The Recovery Budget, which sets out the council’s spending for the next decade, will:
- Support Auckland’s recovery from the impacts of COVID-19
- Lift investment by $5.6 billion to a record $31.8 billion over ten years
- Increase spending on the environment and responding to climate change
- Protect key services and renewal of community assets
“This Recovery Budget sets out a prudent, fully-costed plan for the next 10 years that will support Auckland’s recovery from the COVID-19 crisis while addressing the long-term challenges we face around traffic congestion and housing unaffordability, protecting our environment, improving water quality and supply, and taking action on climate change,” Phil Goff says.
“Despite the $750 million hit to revenue caused by COVID-19, we have not considered imposing austerity measures which would risk delivery of the critical infrastructure our city and communities badly need.
“Instead, we have looked at every lever available to us to preserve what is most important to our communities and the future of this city.
“Our priority is to continue to invest in critical infrastructure to provide stimulus and support to the economy, accelerate our recovery from COVID-19 and protect jobs and livelihoods.
“We will lift our level of capital investment by 21 per cent compared to the previous 10-year Budget adopted in 2018, including a $4 billion boost for water, wastewater and stormwater projects, and $600 million more into transport, which will be part of the record 31 billion investment in transport through the Auckland Transport Alignment Project.
“We are committed to maintaining and renewing the community facilities that help make Auckland a great place to live, with a $900 million increase for parks and community facilities.
“And we are ensuring that, despite COVID-19, we remain focused on tackling the long-term challenge of climate change, with $152 million of new spending over ten years for climate initiatives to reduce emissions and adapt to the impacts of global heating.
“This includes measures such as bringing forward the electrification of our bus fleet—including immediately halting the purchase of new diesel buses—investment to divert more waste from landfill and planting more than 11,000 street trees and 200 hectares of native forest.
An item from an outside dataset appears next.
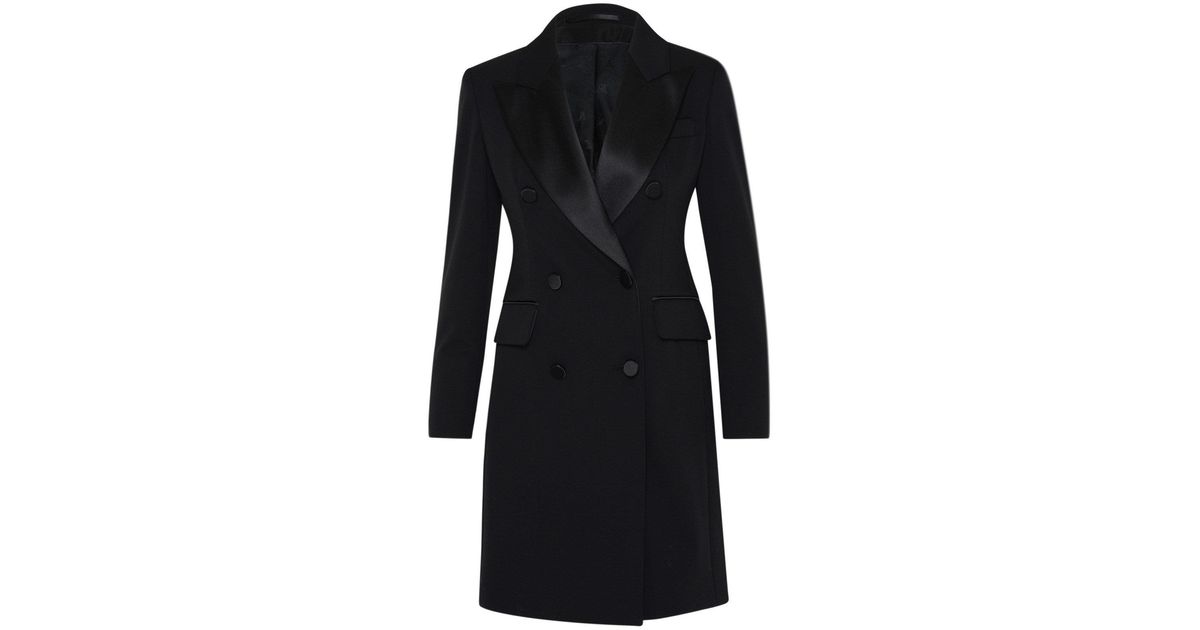 woolmark blend coat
“While we are lifting our level of investment to meet the challenges ahead of us, we are also keeping rates rises at a fair and reasonable level. We’ve retained our long-term commitment to a 3.5 per cent rates increase, with a one-off rate increase of 5 per cent to be introduced for one year only, as an interim measure, before returning to 3.5 per cent the following year.
“This one-off 5 per cent rate increase represents an extra $0.73 per week above the 3.5 per cent signalled prior to COVID and compares with proposed increases of 16 per cent in Wellington, 17 per cent in Tauranga, and 8.9 per cent in Hamilton.
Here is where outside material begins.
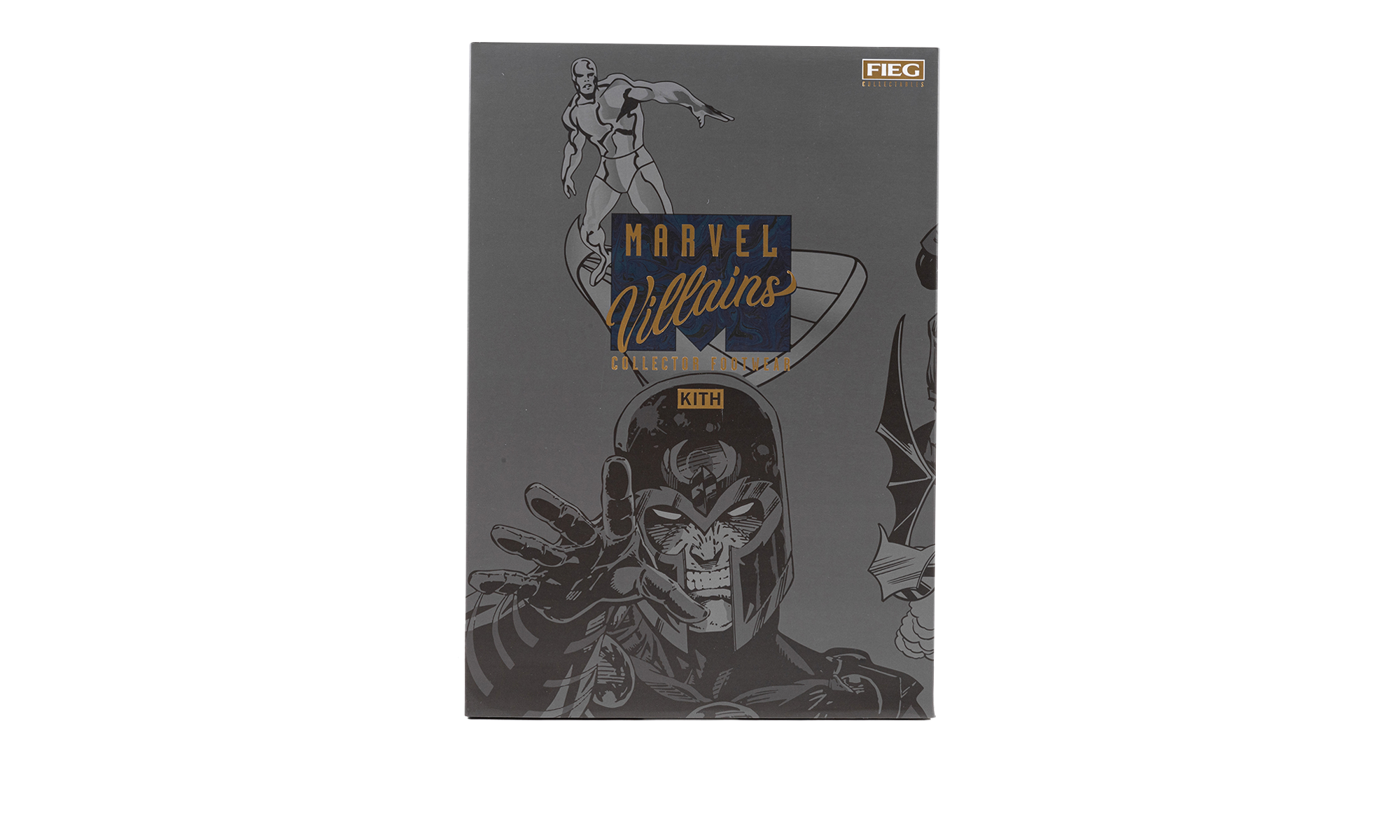Gel-1130 "Kith Marvel Villains Magneto Sealed Box - Comic Included" 1203A662 500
“We have seen in cities around New Zealand recently the catastrophic cost of failing to invest in critical infrastructure, including burst wastewater pipes and contaminated drinking water. We’re investing now to ensure that future generations of Aucklanders do not have to bear similar costs,” says Phil Goff.
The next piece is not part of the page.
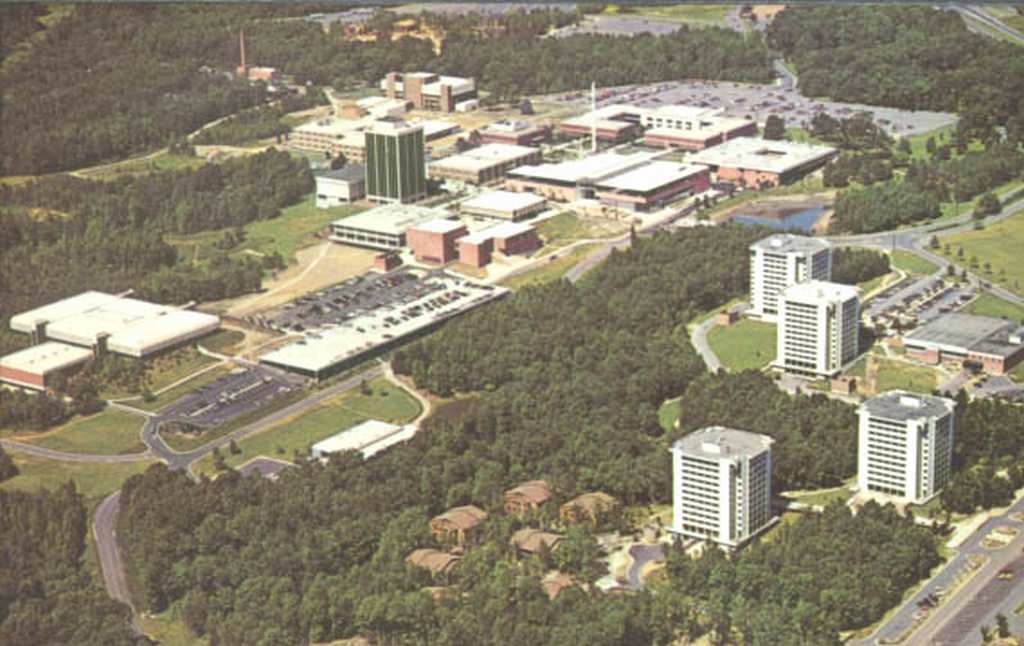 University of North Carolina at Charlotte, 1965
“This budget will support Auckland’s economic recovery while maintaining our progress towards building a world-class city.”
Finance and Performance Committee Chair Councillor Desley Simpson says, “This was a difficult budget and none of the decisions in it were made without extensive deliberation by councillors, local boards and IMSB members, alongside staff and CCOS, and in consultation with our communities.
“We are committed to maintaining a fiscally prudent approach to council finances which has already delivered a record $120 million of savings for Aucklanders, two months earlier than expected.
“This budget will continue this responsible management of our finances, locking in savings of $90 million a year through increased efficiencies throughout the council business.
“This 10-year Budget responds to the fiscal and economic realities we face, while ensuring that we continue to deliver the critical infrastructure and services that Auckland needs.”